* Dataset:

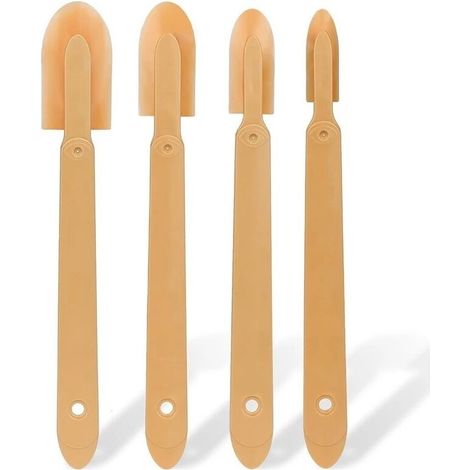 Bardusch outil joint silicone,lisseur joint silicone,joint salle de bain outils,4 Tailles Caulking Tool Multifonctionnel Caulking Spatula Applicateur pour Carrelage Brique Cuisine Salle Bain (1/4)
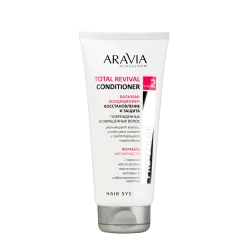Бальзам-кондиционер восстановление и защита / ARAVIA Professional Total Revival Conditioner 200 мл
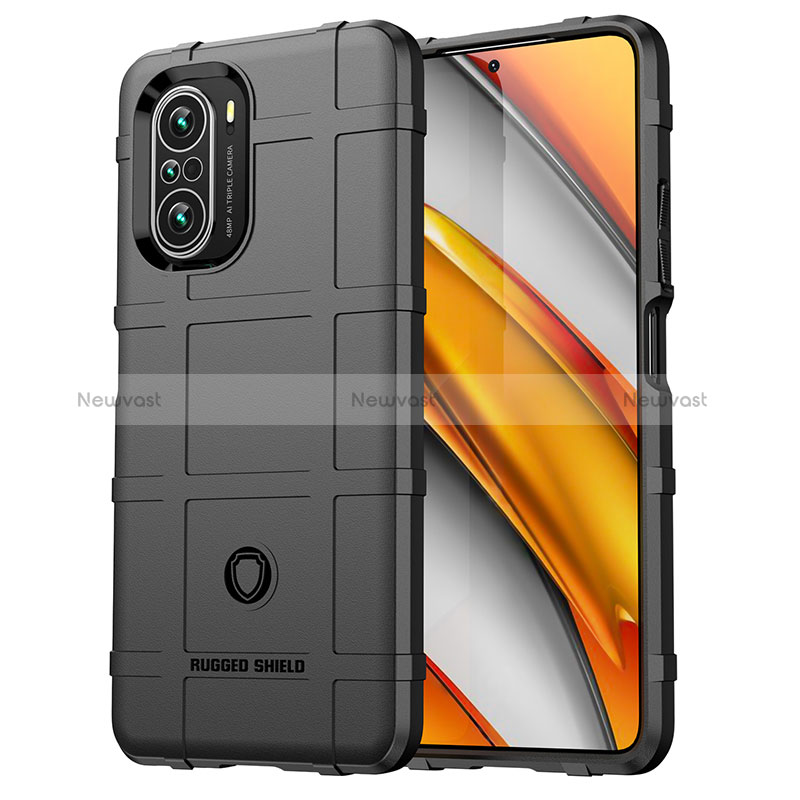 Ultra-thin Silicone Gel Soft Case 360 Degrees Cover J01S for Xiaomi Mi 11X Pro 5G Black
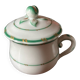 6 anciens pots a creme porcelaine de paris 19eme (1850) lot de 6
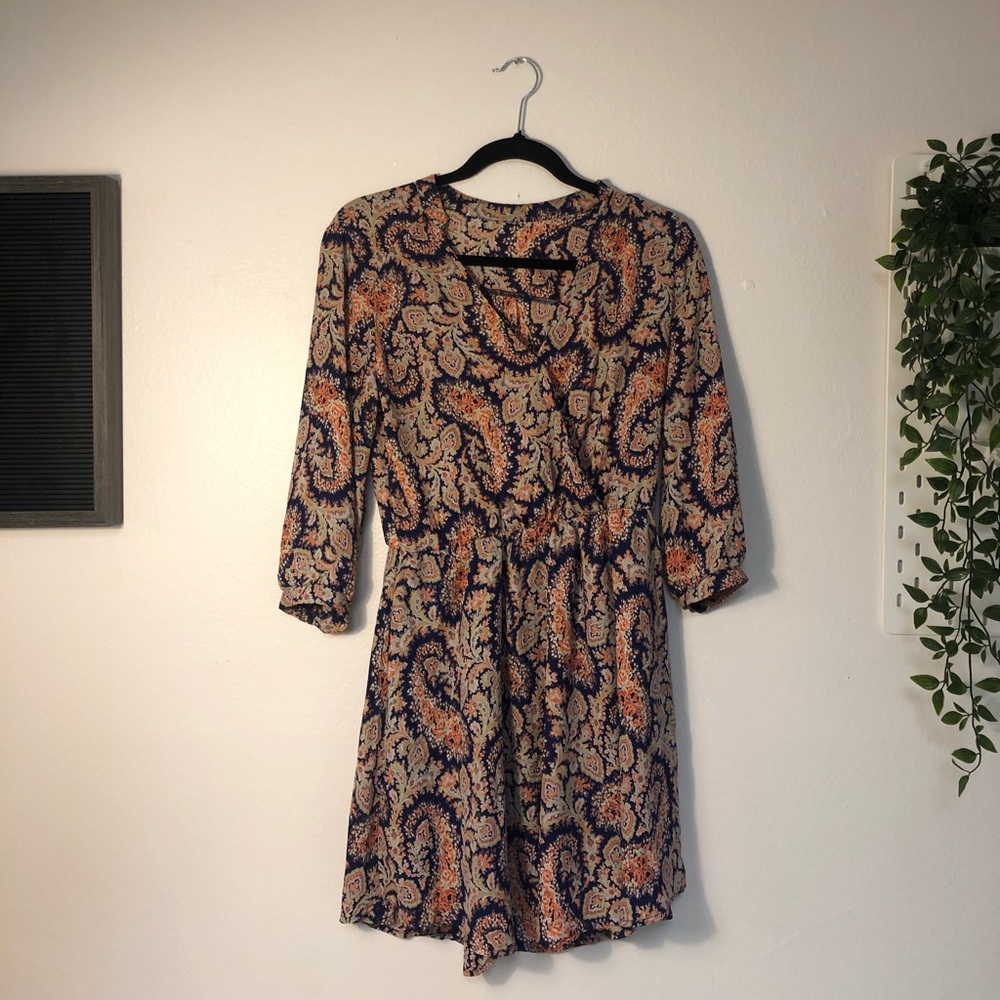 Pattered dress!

* Action item: Nothing but the lines from the line with "6 anciens pots" through the end of the listing should appear in the answer, each duplicated exactly, without pictures.

* Solution to the exercise:
 6 anciens pots a creme porcelaine de paris 19eme (1850) lot de 6
 Pattered dress!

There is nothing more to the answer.